+++ Data provided +++
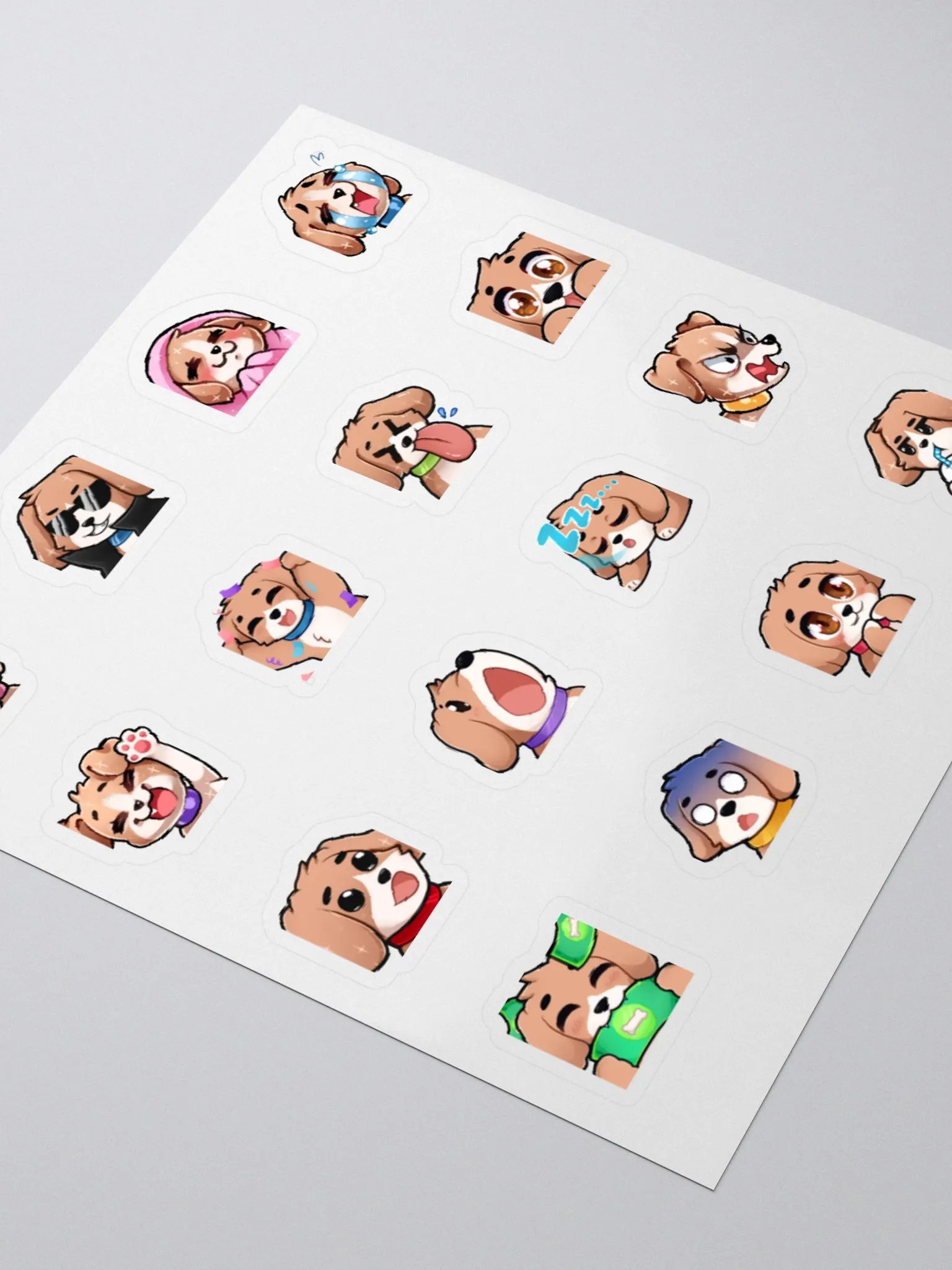 Brim Beagle Emote Stickers product image (3)
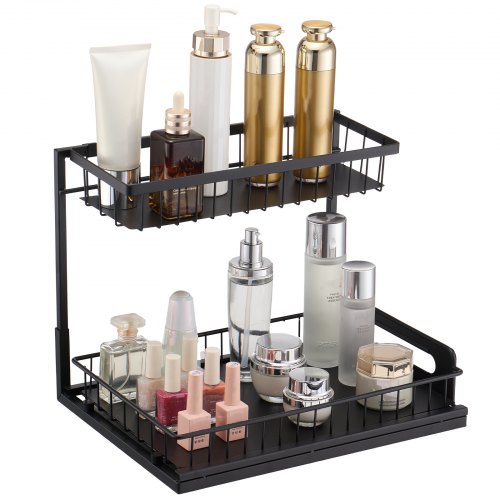Organizer A 2 Ripiani Estraibili, Cassetto Scorrevole Per Cucina 492065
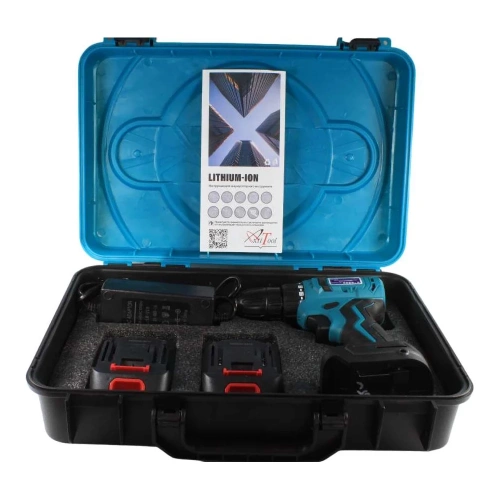 Аккумуляторная бесщеточная дрель-шуруповерт AktiTool cd20g-br в кейсе 20 В, li-ion аккум. 2 шт. 20 101215 фото 3 Аккумуляторная бесщеточная дрель-шуруповерт AktiTool cd20g-br в кейсе 20 В, li-ion аккум. 2 шт. 20 101215 фото 3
+++
• [Exercise details]
A word-for-word restatement of all the lines above is needed, with the pictures omitted.

• [Your response]
 Brim Beagle Emote Stickers product image (3)
Organizer A 2 Ripiani Estraibili, Cassetto Scorrevole Per Cucina 492065
 Аккумуляторная бесщеточная дрель-шуруповерт AktiTool cd20g-br в кейсе 20 В, li-ion аккум. 2 шт. 20 101215 фото 3 Аккумуляторная бесщеточная дрель-шуруповерт AktiTool cd20g-br в кейсе 20 В, li-ion аккум. 2 шт. 20 101215 фото 3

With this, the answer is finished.